The village was mentioned in the Doomsday Book as TELAGESTROP and at the time it was compiled the village was divided amongst several owners, including the Bishop of Lincoln. In 1115 it appears as TEDOLFORP and owes its name to the old English word “thaed” which meant people (tribe). “Thorpe” is from the Old Norse word which means an outlying settlement, such as a farm, so it is the “people’s farm”.
In the early 1800’s the population of Theddlethorpe was greater than the combined total of Mablethorpe and Sutton on Sea, that being around 400 compared with about 650 today.
Like then and still today one of the main industries is farming but the difference today is that there are very few people employed in the industry, the total land area being approximately 4000 acres.

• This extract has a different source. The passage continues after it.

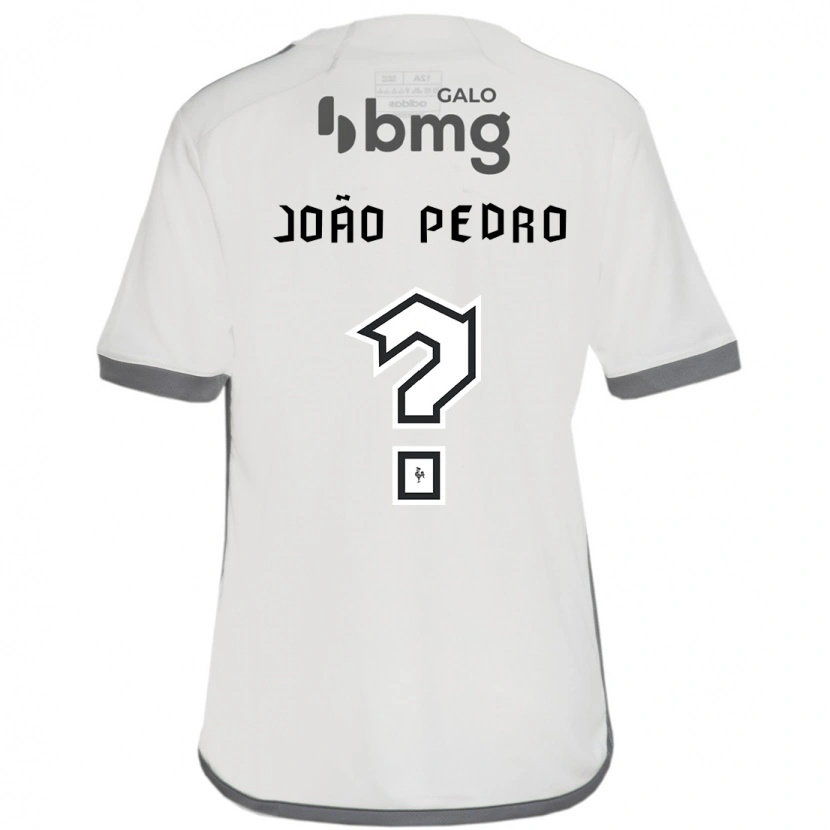 Danxen Damen João Pedro #0 Weiß Schwarz Auswärtstrikot Trikot 2025/26 T-Shirt Schweiz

The soil is strong loam with clay subsoil, before much of the land was drained it was principally rich grazing land. Today a few examples of these “rig and furrow” fields can be still be identified.
No village is any good without an Inn. Theddlethorpe used to have three but only one the Kings Head remains. The others were “The Engine” in Mablethorpe Road and “The Ship” on the seaside of the village.
The village also has a popular Primary School and two churches.
The village can boast one of the best beaches in the County, there is a vast expanse of sand with the only down side the sea can be along way out.
The largest commercial organisation in the area is the National Grid Gas Terminal.
The National Nature Reserve Theddlethorpe Saltfleetby Dunes is a major coastal wildlife conservation area with 6 miles of dunes between Mablethorpe in the south and Saltfleet in the north. With car parking, trails and information signs it is an ideal family facility.